Mars Atmosphere-Ice Coupler MAIC-2


The Mars Atmosphere-Ice Coupler MAIC-2 is a simple, latitudinal model that consists of a set of parameterisations for the surface temperature, the atmospheric water transport and the surface mass balance (condensation minus evaporation) of water ice. It is driven directly by orbital parameters. A detailed description of the model is given by Greve et al. (2010, 2012).

The model equations of MAIC-2 are discretised by a finite-difference/finite-volume scheme. Coding is done in the programming language Fortran 90.

Required model forcing
(as functions of time):

  • Obliquity (axial tilt).
  • Orbital eccentricity.
  • Solar longitude (Ls)
    of perihelion.

Output (as functions of latitude and time):

  • Surface temperature.
  • Evaporation rate of water ice.
  • Condensation rate of water ice.
  • Atmospheric water content.
  • Surface mass balance of water ice.
  • Ice thickness.


How to get MAIC-2

Legal notes

MAIC-2 is free software.
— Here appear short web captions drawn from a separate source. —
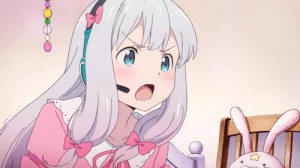 Создать мем: аниме, anime, sagiri izumi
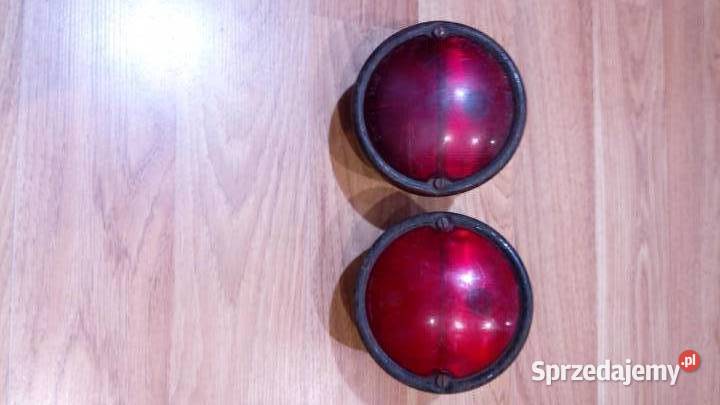 Ursus C328 lampy tylne oryginalne z czasów PRL Dobieszowice sprzedam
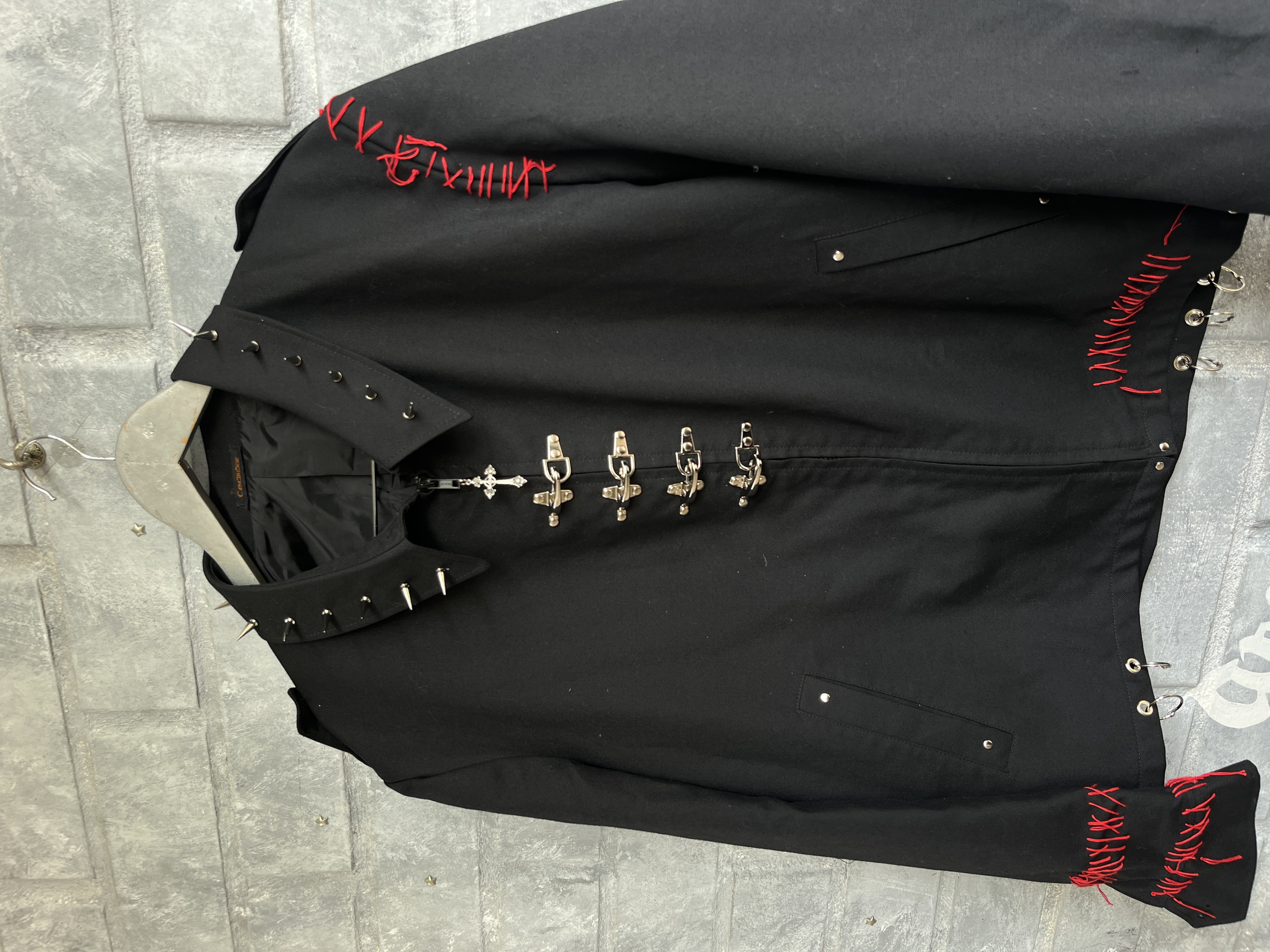 CHAQUETA UPCYCLING | TALLA XXL 2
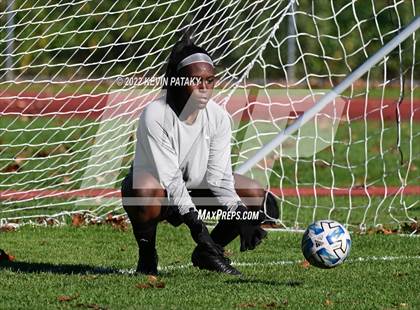 Thumbnail 3 in Granby Memorial @ Sacred Heart Academy (CIAC Class M 1st Round) photogallery.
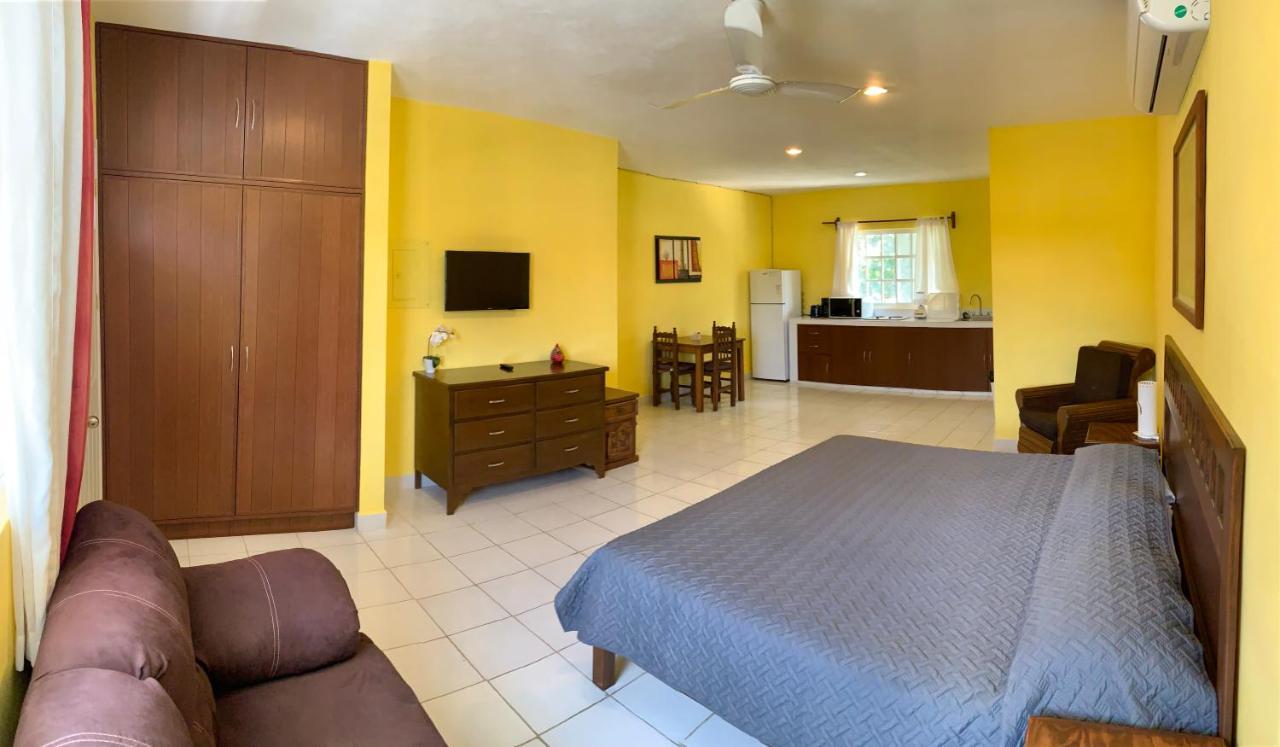 Апартаменты Casa Coral Косумель Экстерьер фото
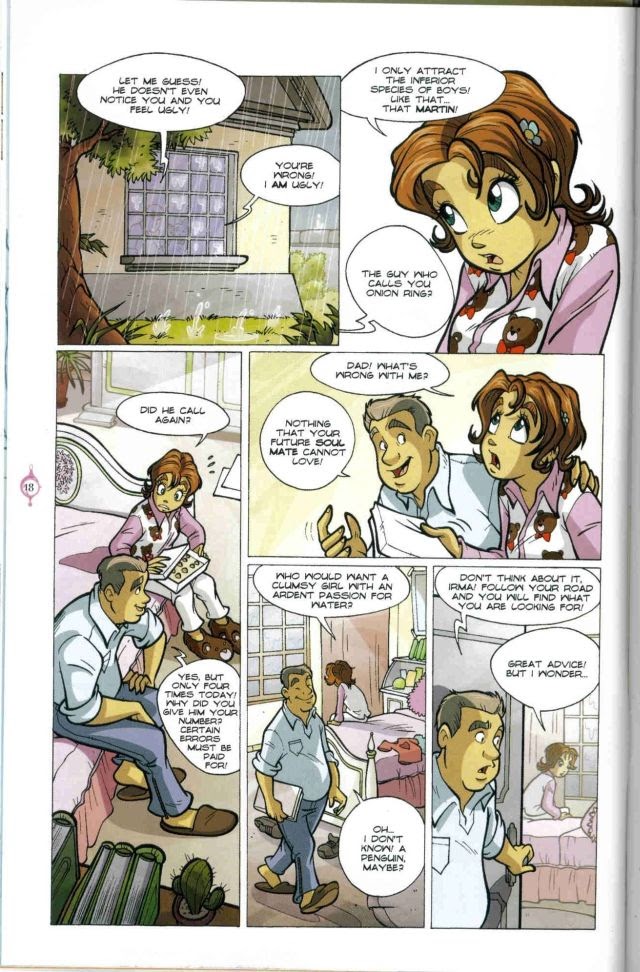 Read online W.i.t.c.h. Special comic -  Issue #1 - 15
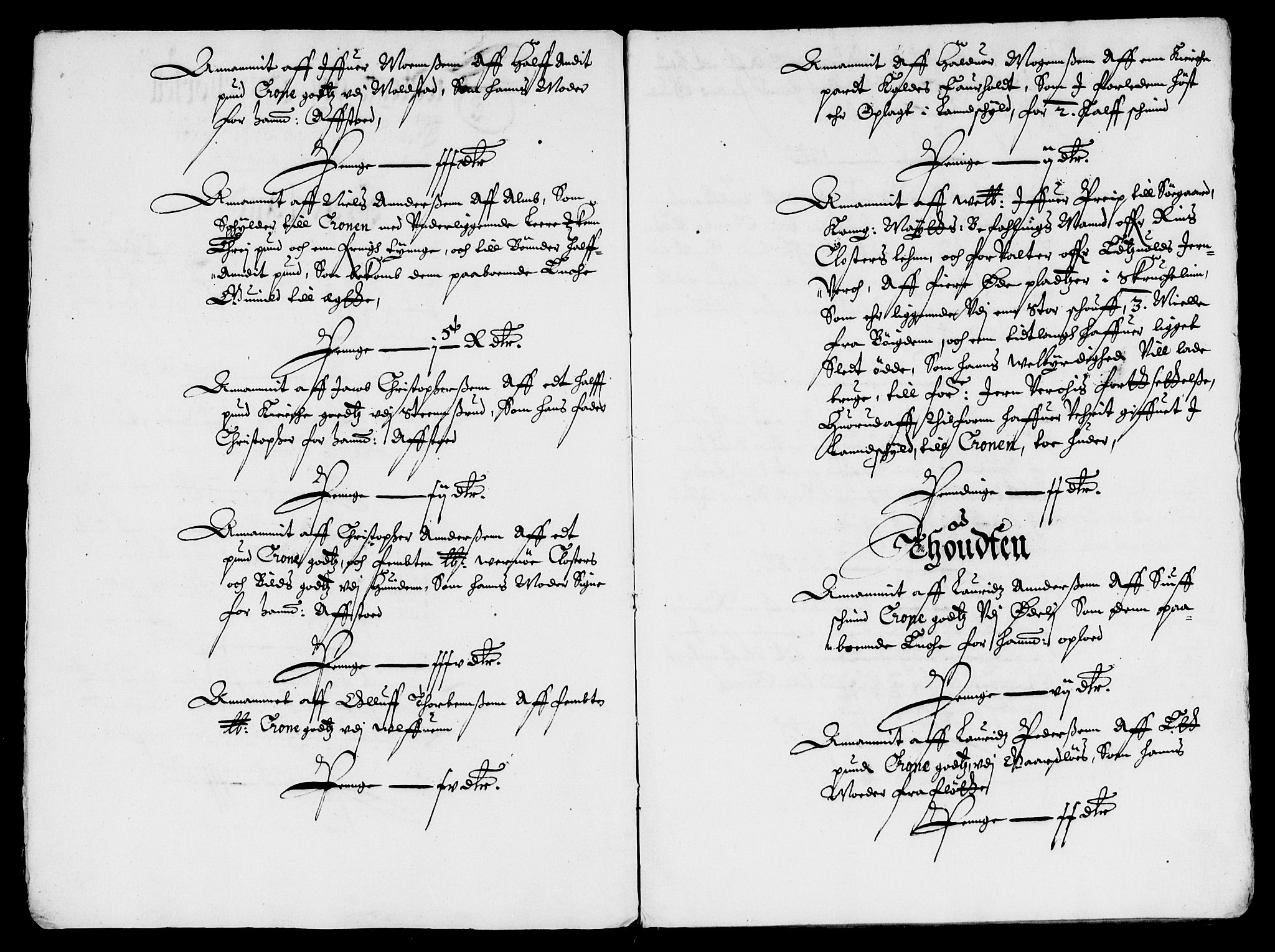 Rentekammeret inntil 1814, Reviderte regnskaper, Lensregnskaper, AV/RA-EA-5023/R/Rb/Rba/L0157: Akershus len, 1641-1642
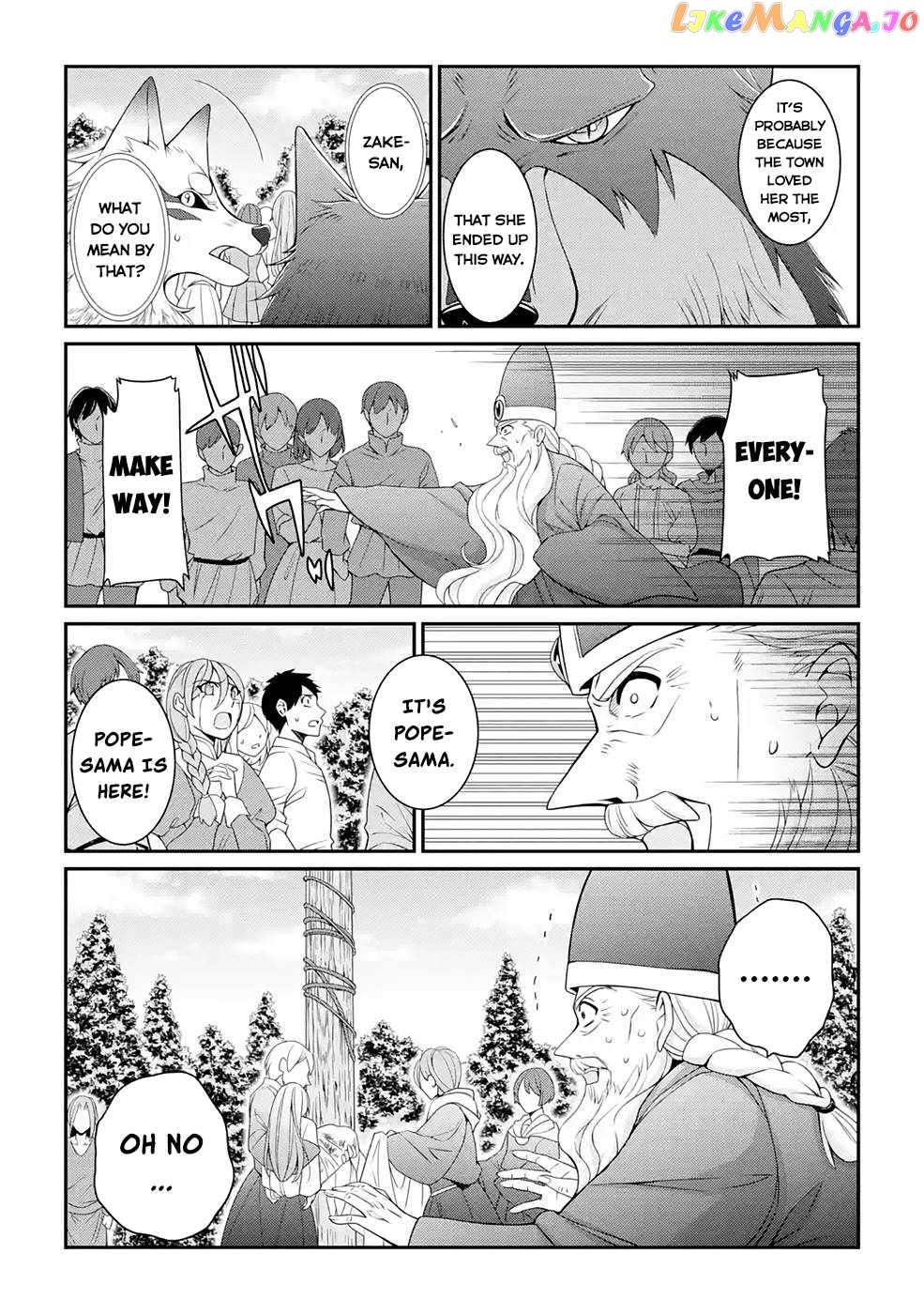 The Strongest Brave Man Of The Black Wizard chapter 48 - page 18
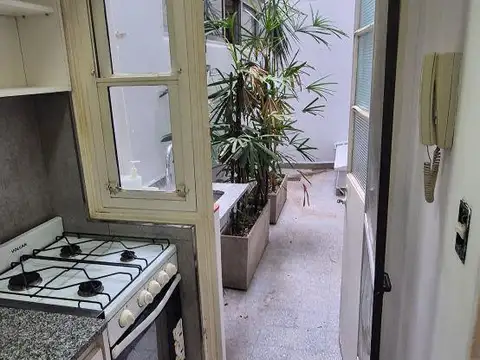 Departamento Monoambiente con 1 baño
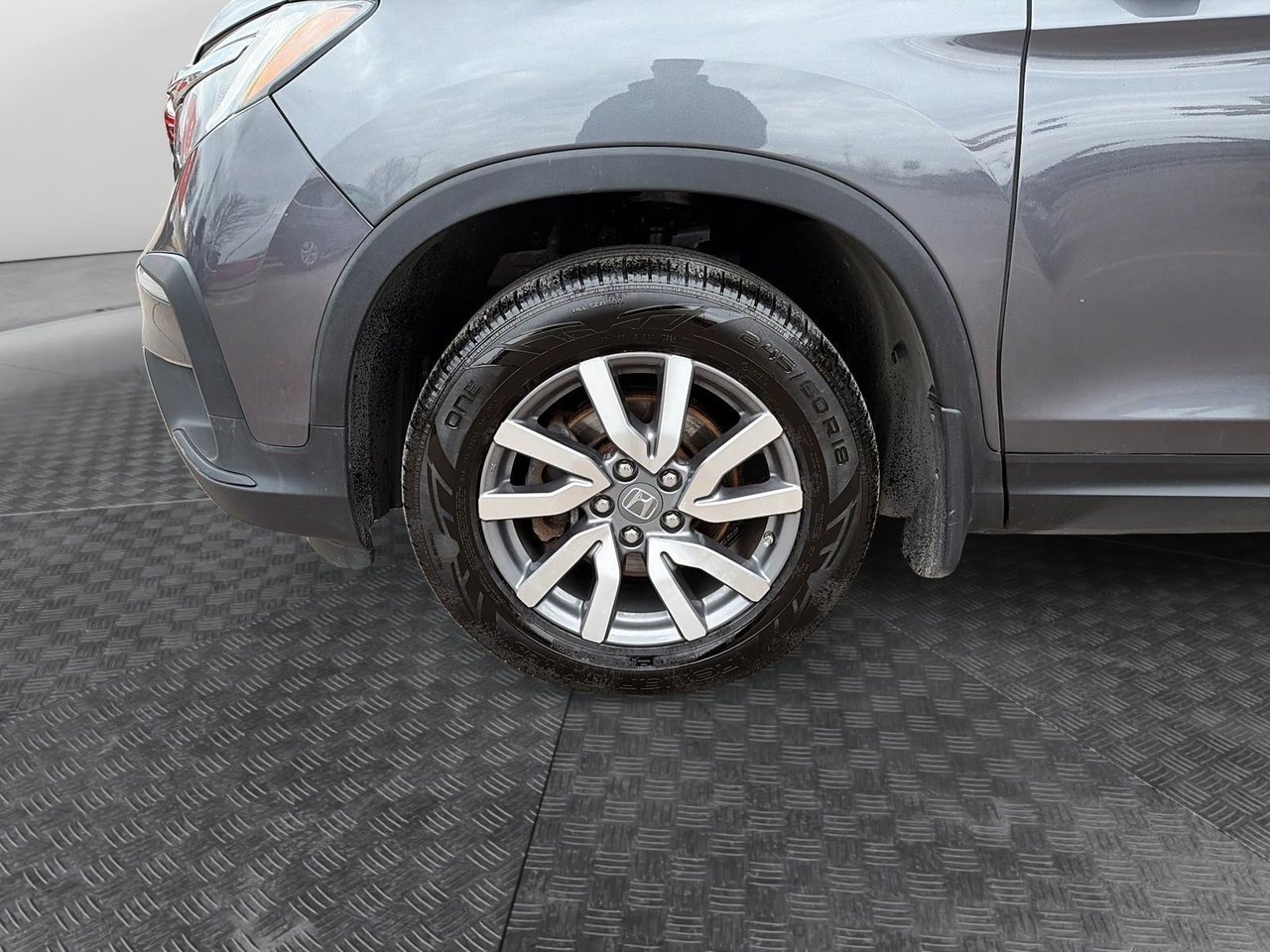 Honda Pilot EX 2019 Gris Baie-Comeau - photo #13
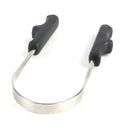 Tongue cleaner scraperdental careoral hygiene caremouth white stainless ste Ew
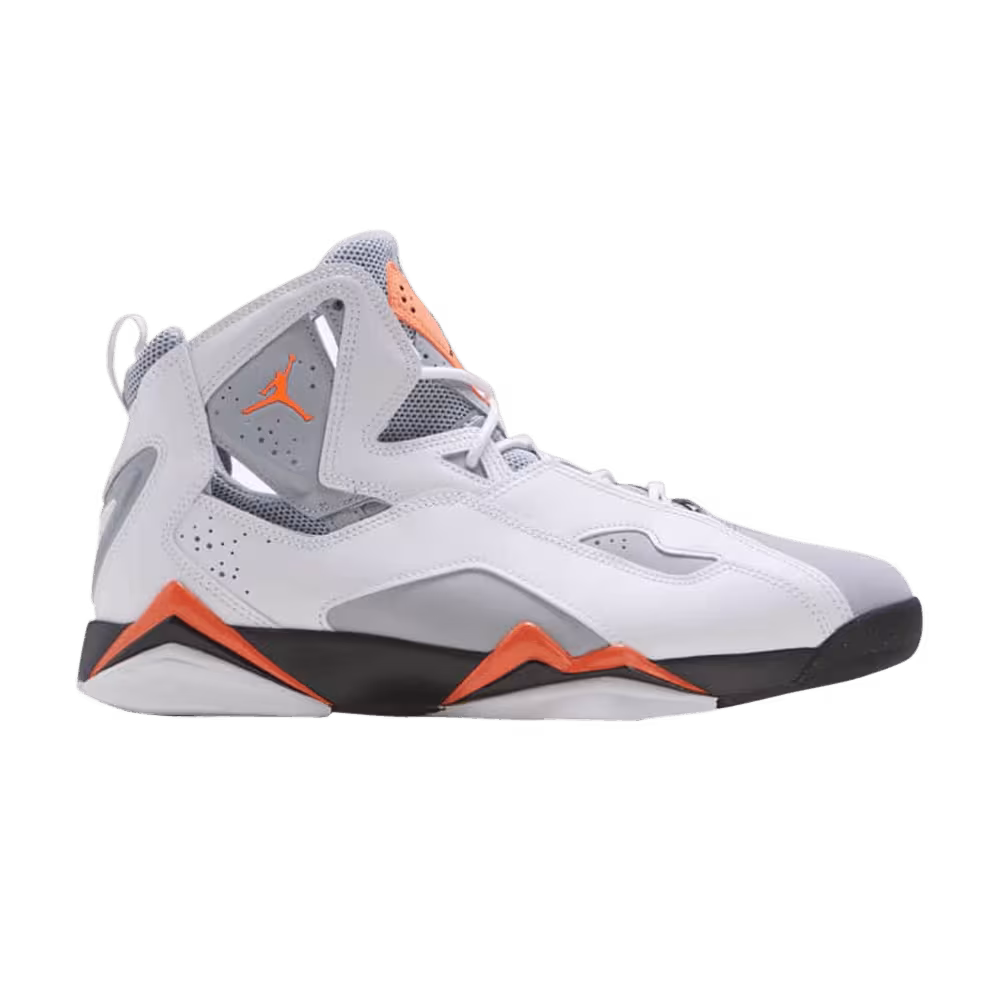 Air Jordan True Flight Wolf Grey Orange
It can be redistributed and/or modified under the terms of the GNU General Public License as published by the Free Software Foundation, either version 3 of the License, or (at the user's option) any later version. Referencing Greve et al. (2010, 2012) is appreciated.

MAIC-2 is distributed in the hope that it will be useful, but WITHOUT ANY WARRANTY; without even the implied warranty of MERCHANTABILITY or FITNESS FOR A PARTICULAR PURPOSE. See the GNU General Public License for more details.

Documentation

  • Quick Start Manual (PDF).
  • References below.
  • The source code itself is reasonably well documented.

Support

  • Please contact  maic2help <at-nospam> greveweb.net


References

Greve, R., B. Grieger and O. J. Stenzel. 2010.
MAIC-2, a latitudinal model for the Martian surface temperature, atmospheric water transport and surface glaciation.
Planetary and Space Science 58 (6), 931-940, doi:10.1016/j.pss.2010.03.002.
Authors' version @ arXiv:0903.2688 [physics.geo-ph].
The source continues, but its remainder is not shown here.